On Monday JetBlue launched a hostile takeover of Spirit Airlines after its earlier acquisition offer was rejected, the New York-based airline said in a release.
Spirit previously rejected a takeover offer from JetBlue, favoring an earlier deal to merge with fellow budget airline Frontier. The board cited antitrust issues and “an unacceptable level of closing risk” to its shareholders as its reasons for rejecting the JetBlue bid.
Related: Spirit Airlines Rejects JetBlue Offer, Claiming Antitrust Issues
JetBlue said in a statement Monday that its offer represented a “60% premium to the value of the Frontier transaction.” The airline added that it was willing to negotiate a $33-per-share deal if Spirit agrees to provide information about its business that JetBlue claims has been withheld.
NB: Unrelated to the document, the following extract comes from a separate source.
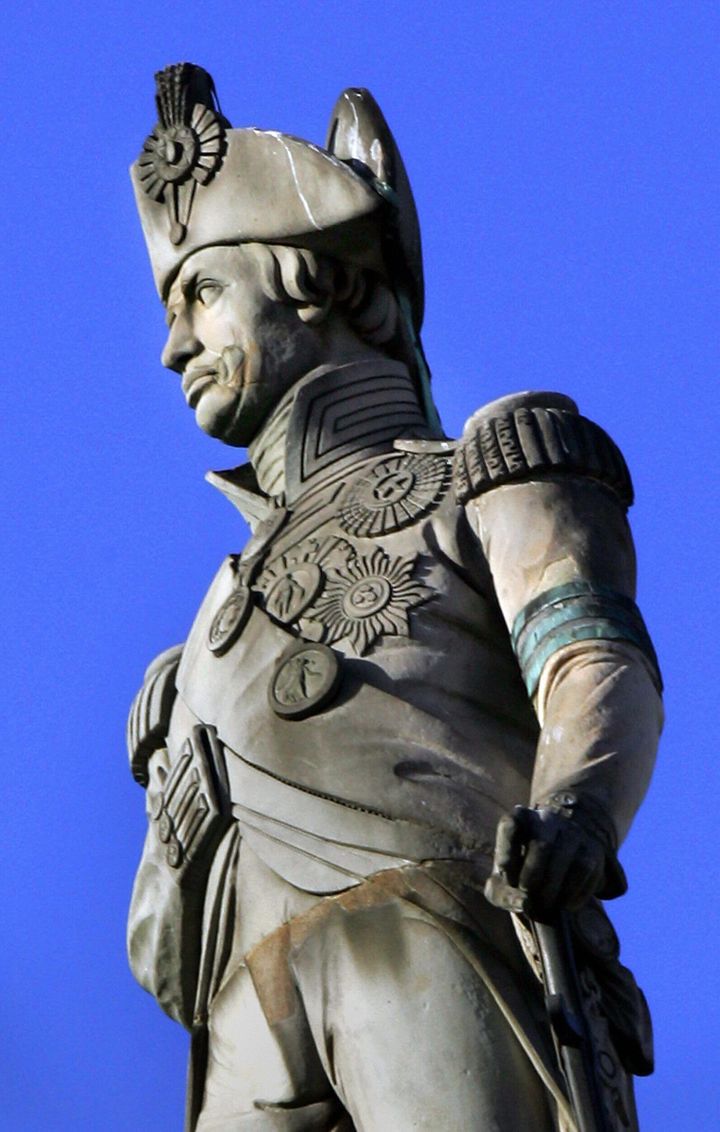 The statue of Lord Admiral Horatio Nelson stands atop the Column in Trafalgar Square in London, pictured Jan. 19, 2005.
“JetBlue offers more value, a significant premium in cash, more certainty, and more benefits for all stakeholders,” JetBlue CEO Robin Hayes said in a statement. “Frontier offers less value, more risk, no divestiture commitments, and no reverse break-up fee, despite more overlap on non-stop routes and their own regulatory challenges.”
Spirit rejected a $33 a share cash offer from JetBlue on April 2, saying that it didn’t believe a merger with the company would be cleared by regulators, and that “given this substantial completion risk, we believe JetBlue’s economic offer is illusory.”
Spirit and Frontier were to combine, the new airline would leapfrog JetBlue and Alaska Air in the number of miles flown by paying passengers, according to 2021 statistics, putting it behind the four major airlines that control about 80% of the nation’s air traffic, American, Delta, United and Southwest Airlines.